On trouve en compétition Bruno Dumont (Flandres), Nicole Garcia (Selon Charlie) et Xavier Giannoli (Quand j'étais chanteur) pour la France ; Sofia Coppola (Marie-Antoinette), Richard Kelly (Southland Tales) et Richard Linklater (Fast Food Nation) pour les Etats-Unis. Suivent Nanni Moretti (Il caïmano) et Paolo Sorrentino (L'amico di famiglia) pour l'Italie ; Andrea Arnold (Red Road) et Ken Loach (The Wind that Shakes the Barley) pour l'Angleterre ; Guillermo del Toro (El laberinto del fauno) et Alejandro Gonzales Inarritu (Babel) pour le Mexique ; Pedro Almodovar (Volver) pour l'Espagne ; Lucas Belvaux (La Raison du plus faible) pour la Belgique ; Pedro Costa (Juventude em marcha) pour le Portugal ; Aki Kaurismaki (Les Lumières du faubourg) pour la Finlande ; Rachid Bouchareb (Indigènes) pour l'Algérie ; Nuri Bilge Ceylan (Les Climats) pour la Turquie ; Lou Ye (Summer Palace) pour la Chine.
AL GORE SUR LA CROISETTE
Cette sélection est encadrée par deux films hors compétition : The Da Vinci Code, de Ron Howard, pour la soirée d'ouverture, et Transylviana, de Tony Gatlif, pour la clôture. Trois autres films, toujours hors compétition, abordent des sujets dans l'air du temps : United 93, fiction de Paul Greengrass sur un des avions détournés le 11-Septembre ; An Inconvenient Truth, documentaire de Davis Guggenheim qui mènera sur la Croisette l'ancien vice-président des Etats-Unis Al Gore ; Zidane, un portrait du XXI e siècle de Philippe Parreno Douglas Gordon, dont on n'ose imaginer l'embouteillage monstre que provoquera le possible déplacement de sa vedette.
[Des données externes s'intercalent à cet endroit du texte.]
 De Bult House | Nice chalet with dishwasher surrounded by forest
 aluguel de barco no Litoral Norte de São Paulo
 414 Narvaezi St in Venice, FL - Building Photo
La section Un certain regard relève de choix plus propres à justifier la formule sous laquelle Thierry Frémaux a placé cette édition : celle du "renouvellement". On y trouve, cette année, beaucoup de premiers films ainsi qu'une forte représentation venue d'Europe de l'Est et d'Asie. Trois cinéastes français y trouvent place - Denis Dercourt, Jacques Fieschi et Patrick Grandperret - et un vétéran italien de génie, Marco Bellocchio.
On connaît aussi la composition du jury officiel, présidé par le cinéaste de Hongkong Wong Kar-waï et annoncé lors de la même présentation. Il s'agit de l'actrice italienne Monica Bellucci, de l'actrice anglaise Helena Bonham-Carter, de la réalisatrice argentine Lucrecia Martel, de l'actrice chinoise Zhang Ziyi, de l'acteur américain Samuel L. Jackson, du réalisateur français Patrice Leconte, de l'acteur et réalisateur anglais Tim Roth et du réalisateur palestinien Elia Suleiman.
Les trois autres jurys (courts métrages, Un certain regard, Caméra d'or) seront respectivement présidés par les réalisateurs Andreï Kontchalovski, Monte Hellman, Luc et Jean-Pierre Dardenne.